## TASK STATEMENT
In full and exactly, reproduce the entries below, but omit the pictures.

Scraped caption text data
BEGIN

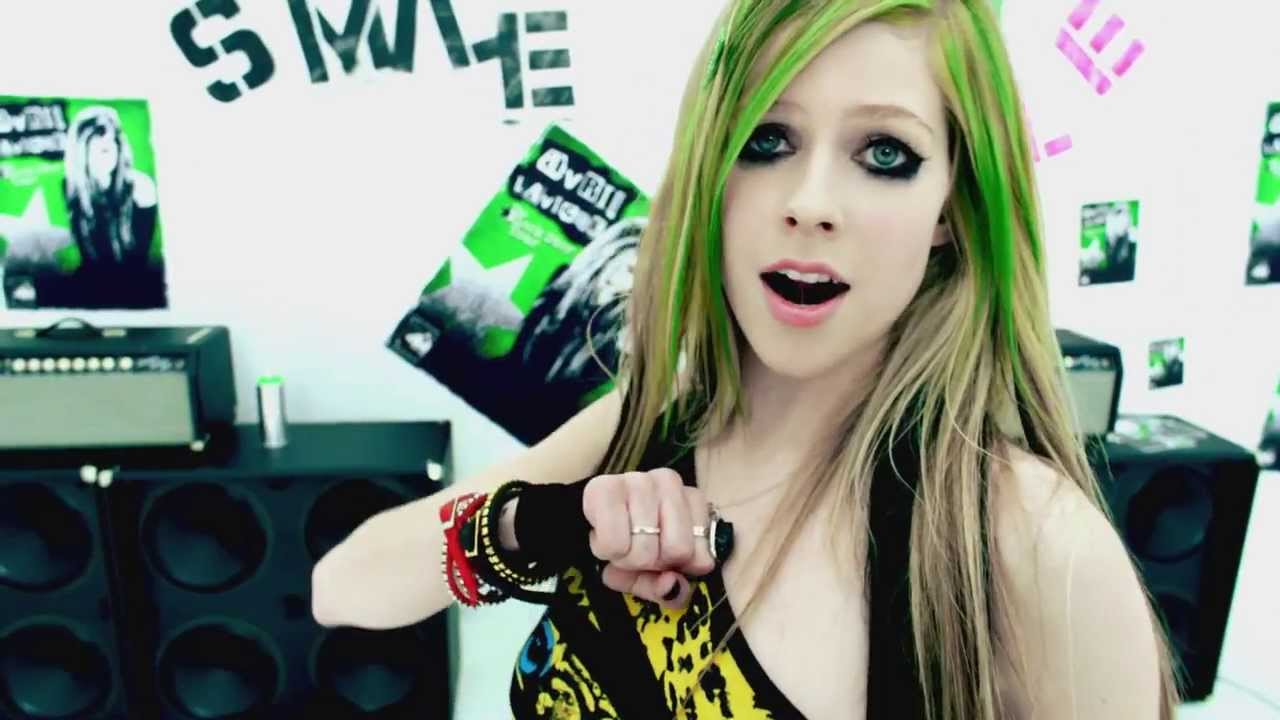 аврил лавин с зелеными волосами. аврил лавин улыбка. Smile avril. аврил лавин язык. Smile avril.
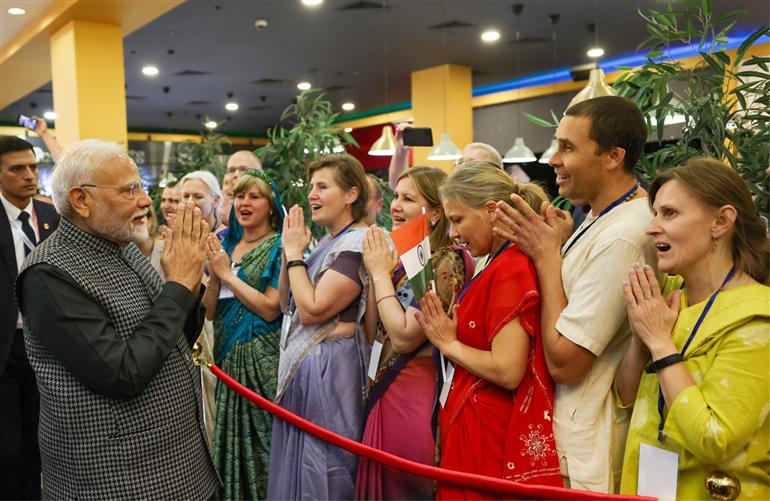 प्रधानमंत्री श्री नरेन्द्र मोदी का 22 अक्टूबर, 2024 को रूस के कज़ान में भारतीय समुदाय ने उत्साहपूर्वक स्वागत किया।
:Prime Minister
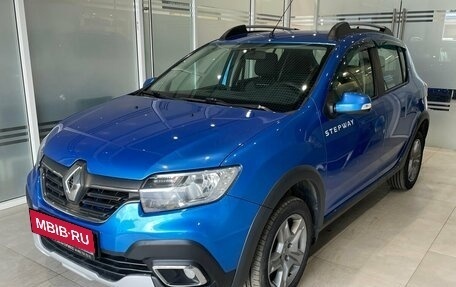 Renault Sandero II рестайлинг, 2020 год, 845 000 рублей, 1 фотография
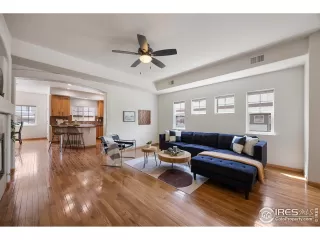 Photo #5: 1034881 Listing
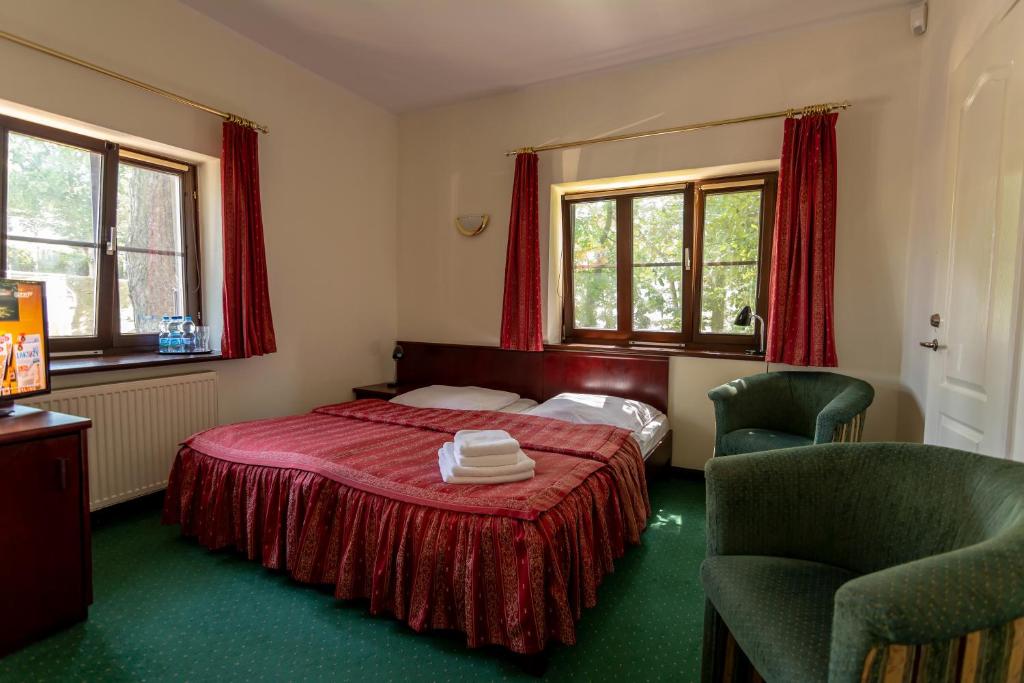 Двухместный (Двухместный номер с 1 кроватью или 2 отдельными кроватями, вид на сад) семейного отеля Willa Victor, Ястшембя Гора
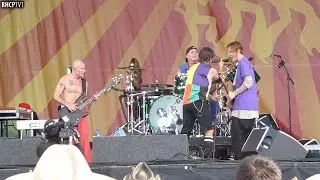 Anthony Kiedis Forgets The Lyrics And Asks Josh For Help!
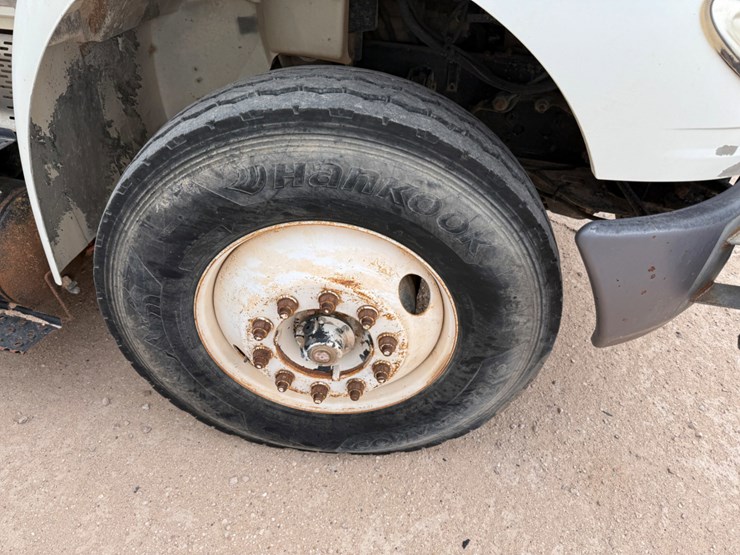 2013-international-durastar-4300-image-6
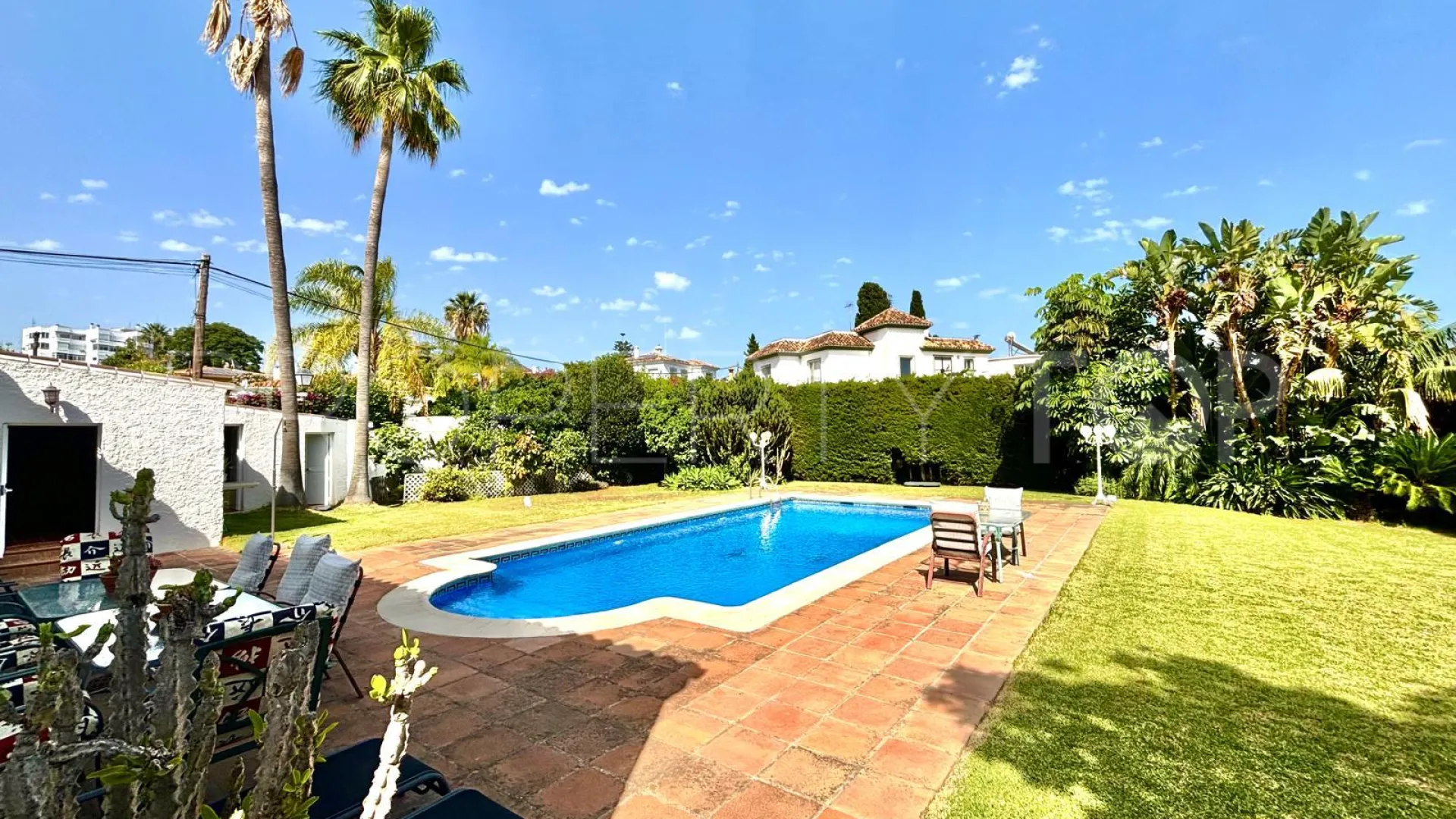 Villa for sale in Bello Horizonte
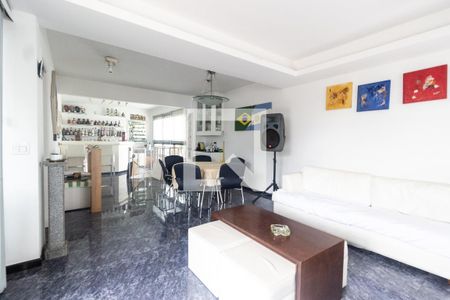 Apartamento à venda com 520m², 4 quartos e 5 vagas Apartamento à venda com 520m², 4 quartos e 5 vagasEspaço Gourmet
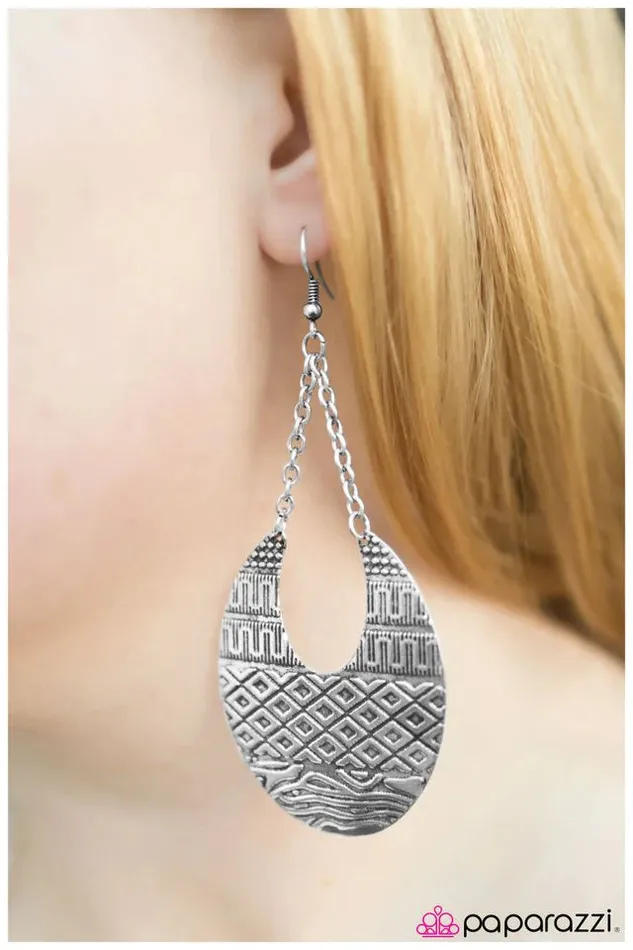 Paparazzi Earring GEOing Out In Style Silver Paparazzi Jewelry Earrings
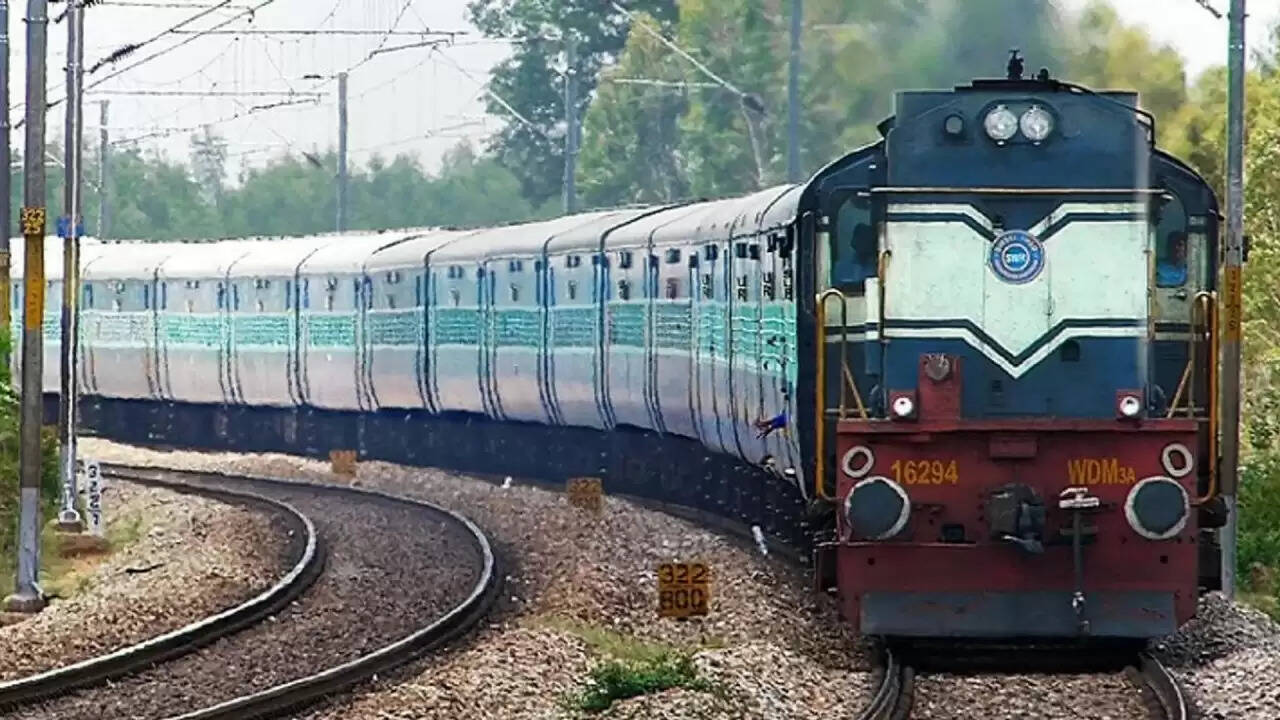 2025 में भारतीय रेलवे में आए महत्वपूर्ण बदलाव: जानें नए नियम और सुविधाएं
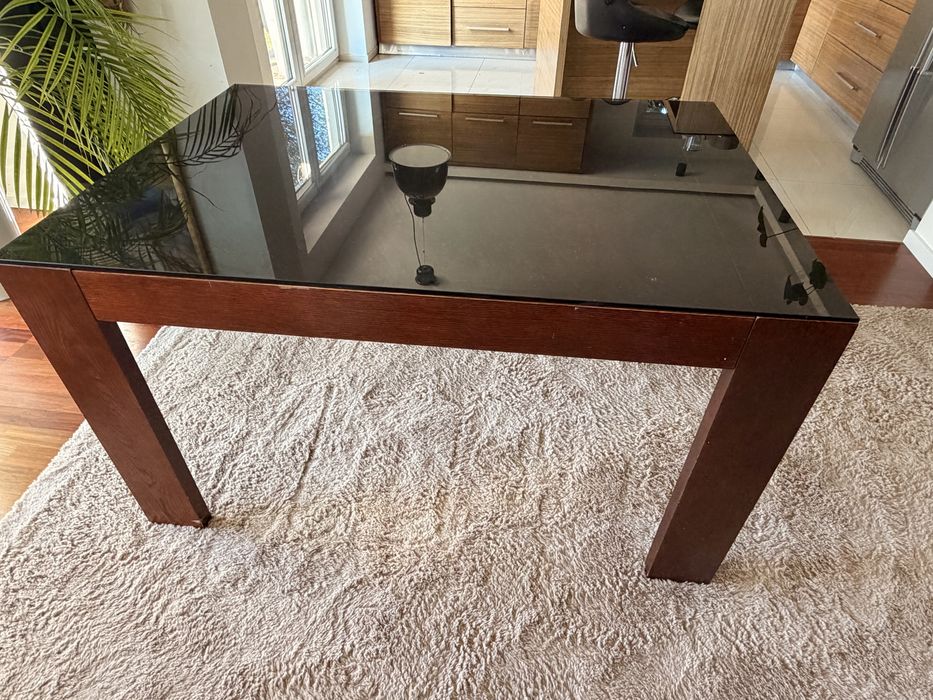 Sprzedam  stół z litego drewna. 95 cm na 135 cm rozkladany .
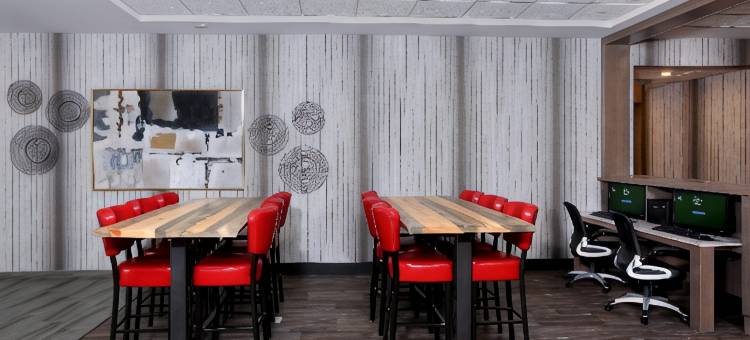 假日酒店及套房苏福尔斯-机场，洲际酒店集团酒店(Holiday Inn & Suites SIOUX FALLS - AIRPORT by IHG)图片
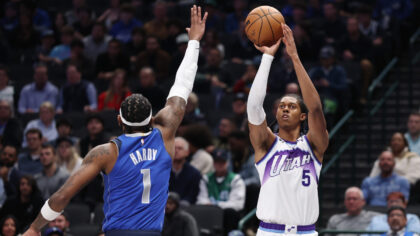 Utah Jazz Come Up Short In Dallas Despite Late Efforts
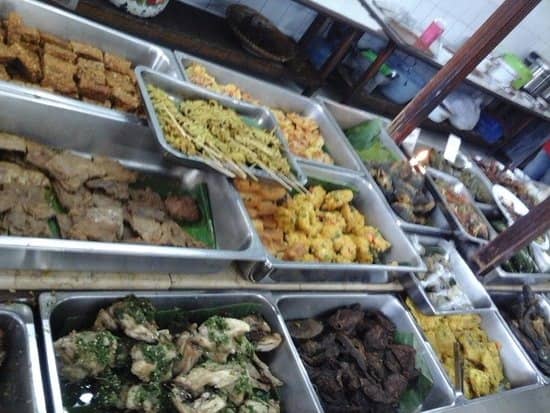 Rumah Makan Laksana, Nikmati Sajian Khas Sunda Dengan Cita ...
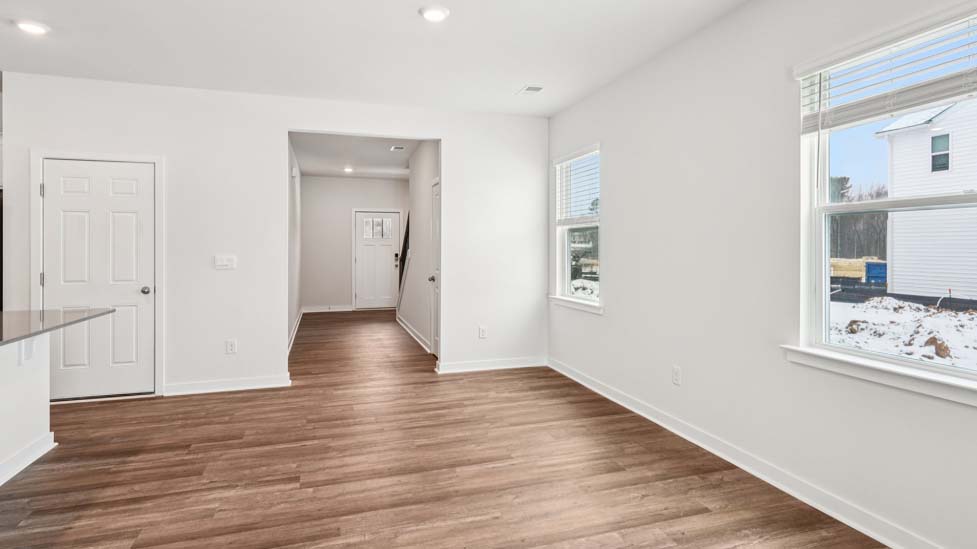 Kitchen and breakfast area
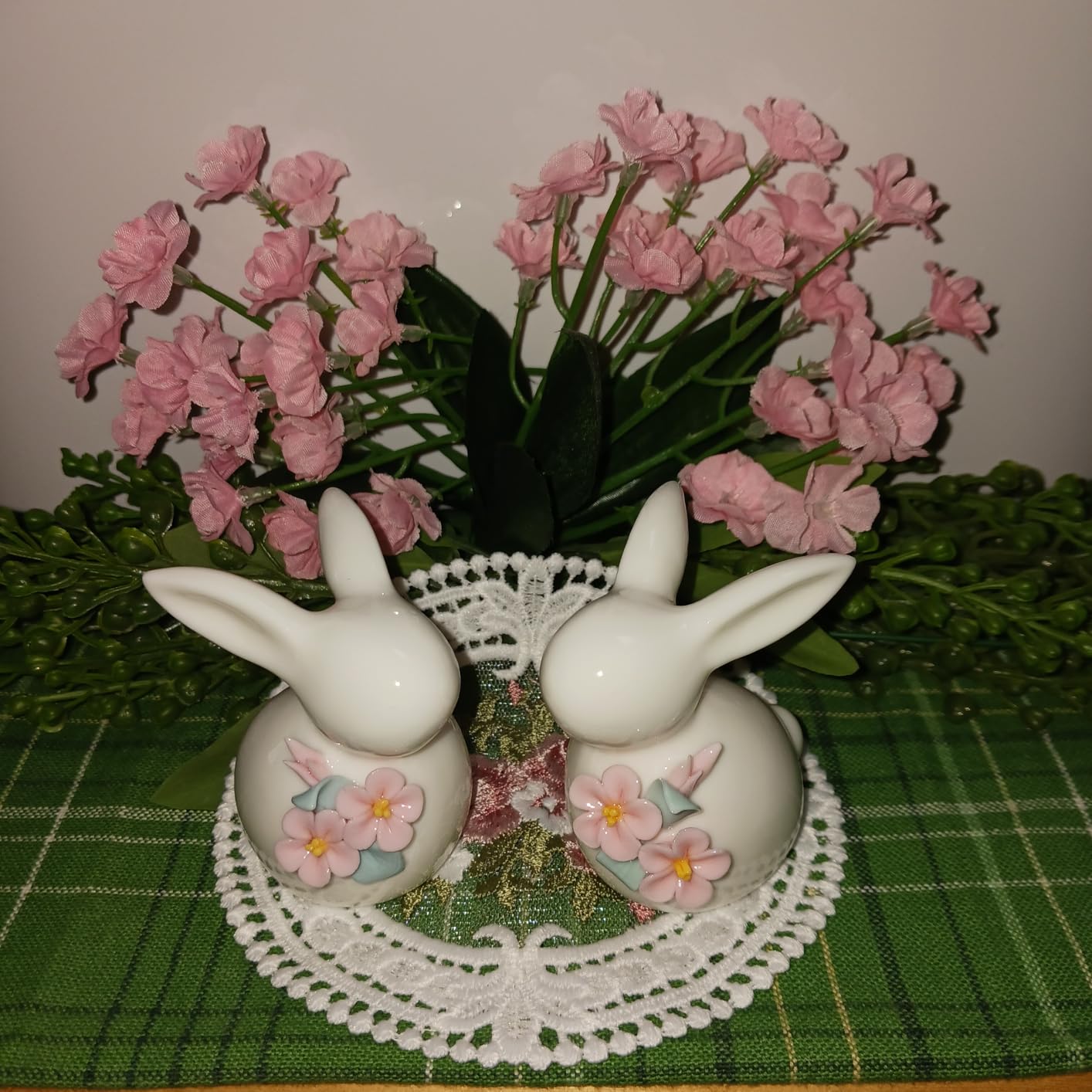 Set of Mini Ceramic Rabbit Figurines, Porcelain Easter Bunny Decorations for Home, Tabletop Ornament, Tea Ceremony Pet (2-Flower) customer photo 1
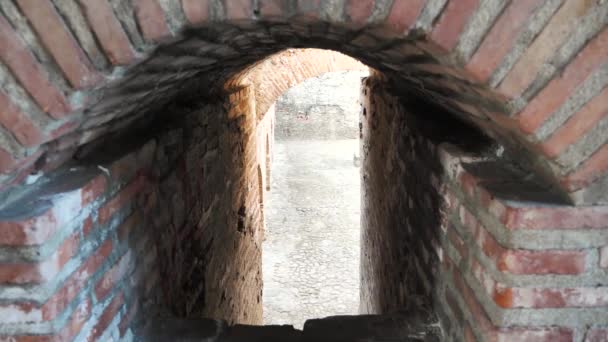Oude passage tussen rode bakstenen muren — Stockvideo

END

## EXPECTED OUTPUT
 аврил лавин с зелеными волосами. аврил лавин улыбка. Smile avril. аврил лавин язык. Smile avril.
 प्रधानमंत्री श्री नरेन्द्र मोदी का 22 अक्टूबर, 2024 को रूस के कज़ान में भारतीय समुदाय ने उत्साहपूर्वक स्वागत किया।
:Prime Minister
 Renault Sandero II рестайлинг, 2020 год, 845 000 рублей, 1 фотография
 Photo #5: 1034881 Listing
 Двухместный (Двухместный номер с 1 кроватью или 2 отдельными кроватями, вид на сад) семейного отеля Willa Victor, Ястшембя Гора
 Anthony Kiedis Forgets The Lyrics And Asks Josh For Help!
 2013-international-durastar-4300-image-6
 Villa for sale in Bello Horizonte
 Apartamento à venda com 520m², 4 quartos e 5 vagas Apartamento à venda com 520m², 4 quartos e 5 vagasEspaço Gourmet
 Paparazzi Earring GEOing Out In Style Silver Paparazzi Jewelry Earrings
 2025 में भारतीय रेलवे में आए महत्वपूर्ण बदलाव: जानें नए नियम और सुविधाएं
 Sprzedam  stół z litego drewna. 95 cm na 135 cm rozkladany .
 假日酒店及套房苏福尔斯-机场，洲际酒店集团酒店(Holiday Inn & Suites SIOUX FALLS - AIRPORT by IHG)图片
 Utah Jazz Come Up Short In Dallas Despite Late Efforts
 Rumah Makan Laksana, Nikmati Sajian Khas Sunda Dengan Cita ...
 Kitchen and breakfast area
 Set of Mini Ceramic Rabbit Figurines, Porcelain Easter Bunny Decorations for Home, Tabletop Ornament, Tea Ceremony Pet (2-Flower) customer photo 1
Oude passage tussen rode bakstenen muren — Stockvideo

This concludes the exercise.